= Daniele Dini =

Italian/British Mechanical Engineer

Daniele Dini is an Italian/British Mechanical Engineer. He is a Professor of Tribology at Imperial College London, where he is Head of the Tribology Group. Tribology is the science and engineering of friction, lubrication and wear.

== Education ==
Dini received an M.Eng. degree in Mechanical Engineering from the Politecnico di Bari, Italy in 2000, He then studied for a D.Phil. in the Department of Engineering Science at the University of Oxford, which he obtained in 2004. His D.Phil. research was performed under the supervision of Professor David Hills.

== Research and career ==
Dini is currently the Shell-Royal Academy of Engineering Chair in Complex Engineering Interfaces. Previously, he was an Engineering and Physical Sciences Research Council Established Career Fellow. Dini has published over 250 peer-reviewed papers in the field of tribology. According to Google Scholar, his research has been cited over 6000 times and he has a h-index of 43. He is an expert in the modelling and simulation of tribological systems across scales. Dini was promoted to full Professor in 2017, his inaugural lecture was entitled 'Releasing friction's potential'. In the same year, he succeeded Professor Hugh Spikes as Head of the Tribology Group.

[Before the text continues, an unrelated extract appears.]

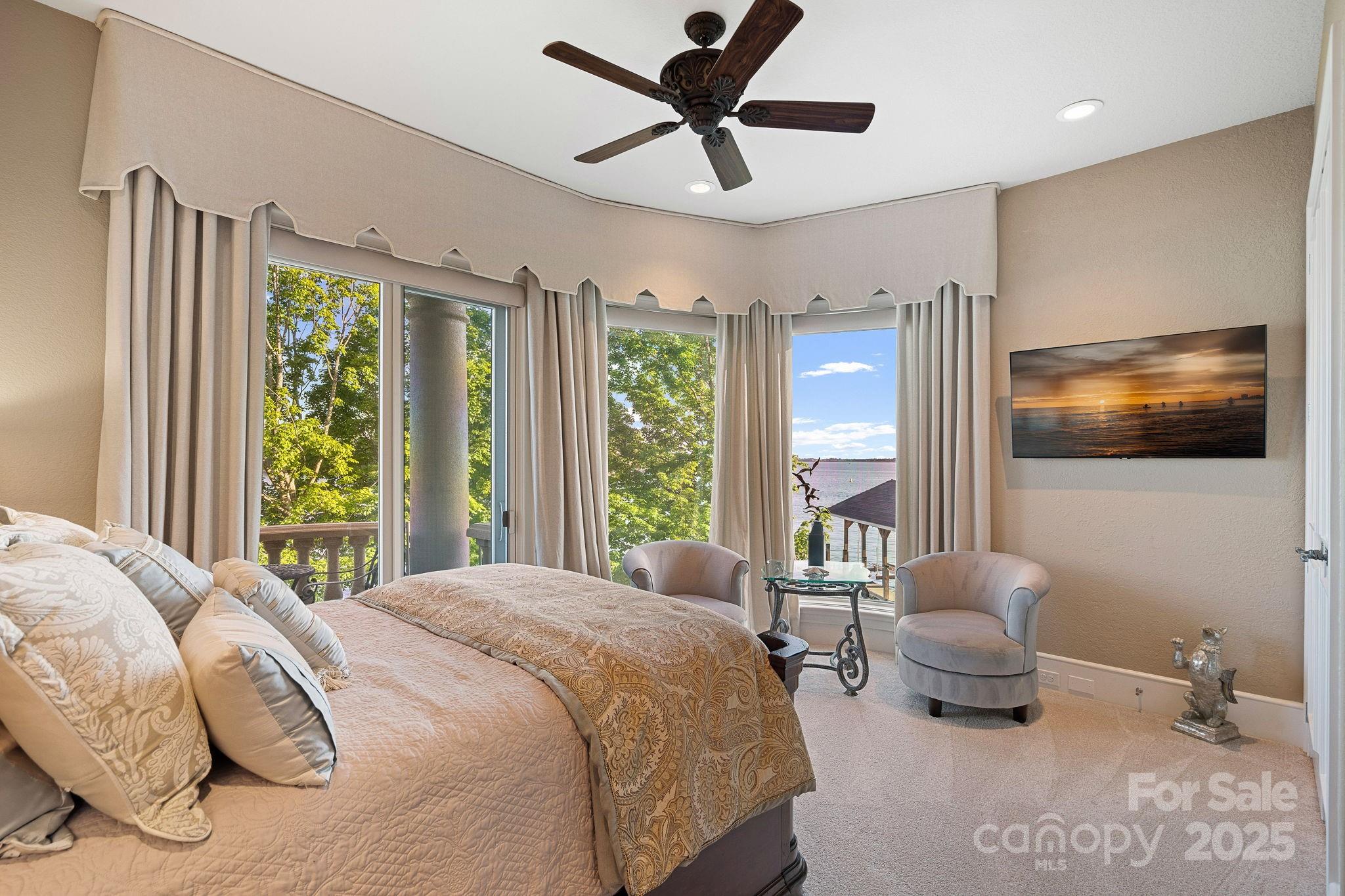 The Peninsula - Residential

He is an Assistant Editor for the Elsevier journal International Journal of Solids and Structures and is on the International Advisory Editorial Board for Tribology International. He is a Co-Director of both the Shell University Technology Centre (UTC) for Mobility and Lubricants and the SKF UTC, which are based in the Department of Mechanical Engineering at Imperial College London. He is also currently Director of Research for the Department of Mechanical Engineering at Imperial College London.

== Honours and awards ==
Dini is the recipient of a number of awards, including: the Tribology Bronze Medal (IMechE, 2004); the Jacob Wallenberg Foundation Award (Royal Swedish Academy of Engineering Sciences, 2007); three best paper awards: Thomas Bernard Hall Prize (IMechE, 2008 and 2010) and the Kenneth L. Johnson Award (ASME, 2012); Teaching Excellence in Engineering Education (Imperial College London, 2014). He was the recipient of the prestigious EPSRC Established Career Fellowship, awarded in 2016. The strong links of his group with industrial partners was recognised through the Imperial College President’s Award and Medal for Excellence in External Collaboration and Partnerships in 2017. He received the Donald Julius Groen Prize from the IMechE in 2019. In 2022, Dini was presented with the inaugural Peter Jost Tribology Award from the International Tribology Council at the 7th World Tribology Congress. Dini received the Tribology Silver Medal from the IMechE in 2022.

In 2014, Dini was elected as a Fellow of the Institution of Mechanical Engineers (FIMechE). In 2021, he was also elected as a Fellow of the Society of Tribologists and Lubrication Engineers (FSTLE) and a Fellow of the Royal Academy of Engineering (FREng).